しかし、これは冴との“契約”なので破るわけにはいかない。
「それで、その実可子ちゃんがどうしたんだい」
気を取り直してそう訊ねる秀明に、冴は、うん、と、頷いた。
「私としては、ちょっと洗濯するだけだしいいのって言ったんだけど、実可子ちゃんが、なんていうか、慌てん坊な子というか。テンパる子で。本当にごめんなさいごめんなさいってパニックになっちゃって。メンバーの人たちはいつものことだって呆れた様子だったんだけど」
「その間、メンバーはなにしてたの?」
「もちろん謝ってくれたんだけど、どっちかっていうと実可子ちゃんを宥める方に力を注いでたかな。もちろん私に対しても真摯だったよ」
「それで?」
「それで私もかわいそうになってきちゃって。でもどうすればいいかわからなくて。そしたら実可子ちゃんが、今日は無理だけど今度お詫びするから連絡先教えてくださいってなったの」
「それで?」
「で、連絡先を交換して、その場は別れたんだけど、家に帰ってすぐLINEが来て、さっきは本当にごめんなさいって」
「ふむ」
「それで、電話して、ちょっと落ち着いてもらって」
「落ち着いた?」
「そうだね。少しずつ」
「それで、話が本題に入るのかな」
「うん」と、そこで冴は口元に指をやった。「なんていうか」
「なんだい」
「クラスメイトに、ちょっと、困った男の子がいるんだって」
「世間話をしていたわけだ」
「うん。ストーカーみたいなって」
ふと秀明は、実可子という中学生の少女のクラスメイトの困った男の子、という点から、果たしてそれはチェロの少年なのだろうかと想像する。

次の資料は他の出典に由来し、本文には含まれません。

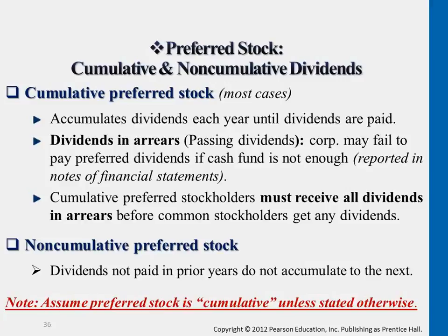As opposed to that, for most cases with preferred shares, anything that they didn't get this year that the company didn't declare, up to the amount they are supposed to get — that part will carry on to the following year. And the missing part is what we call, sometimes in the problems, dividends in arrears.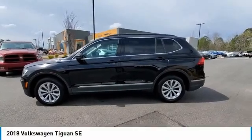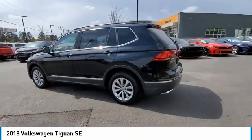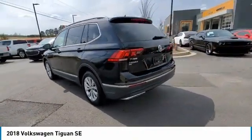We are pleased to show you the 2018 Tiguan. With Volkswagen Tiguan, it's good to be turbo. Turbo with class.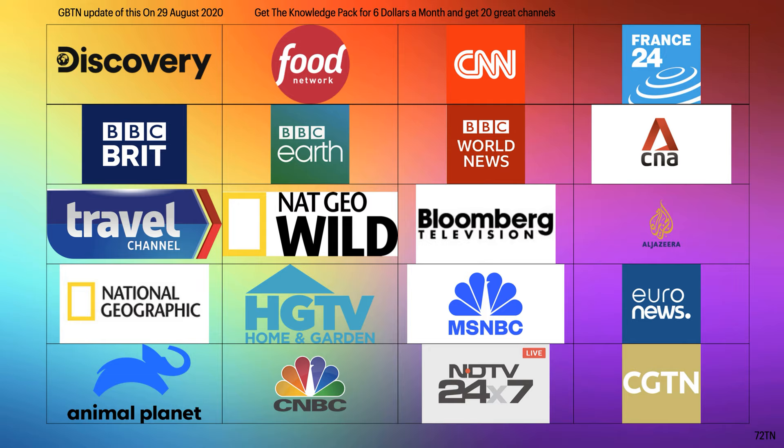Let's go down the list for the Knowledge pack. The first channel is Discovery, then you've got BBC Brit, which is actually a live channel, then the Travel Channel, National Geographic, Animal Planet, the Food Network, BBC Earth, Nat Geo Wild, HGTV which stands for Home and Garden, CMC News, CNN, France 24, and CNA which is the Global Asia Network.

「ストーカーなら警察案件だろ。その前に先生に相談だろうが」
「なんだけど、まだそこまで“被害に遭ってる”っていうんじゃないみたいなの。ただ、じっと見てくるとか、やたらと横を通り過ぎてくるとか、とにかく怖いというか、気持ちが悪いって」
「ほう」
「なんだけど、それ以上になにかおかしなことをされてるわけじゃないから、自分としてもどうしたらいいのかわからないらしいの。放っておいてもいいのかもわからないし、そもそも放っておくのも怖いし、かといって先生に相談して面倒なことになるのも怖いしって」
「実可子ちゃん自身が気になってる以上、仕方がないな」
「気にしすぎだよなんて言ってもなにも言ってないのと同じだものね。本人が困ってるって事実は動かないわけだし」
「ある程度様子を見る、っていうのも難しいな。突然爆発するかもしれないし」
「だから私も困っちゃって」
「困ったな」
「そうなの」
そこでしばらく二人は無言になる。
「いまここで解決策を出してくれるとは思ってないよ」
と、冴は口を開いた。
「だろうね」
「長い付き合いだもの。性急じゃないのがあなたのいいところ」
「ただ、話なら聞ける」
秀明は冴の目をまっすぐに見た。
「それぐらいの余裕はある」
冴もその視線を離さない。
「ありがとう」
そう冴はつぶやいて、やがて、二人は微笑み合う。
そしてそのまま二人は登校を続けるのだった。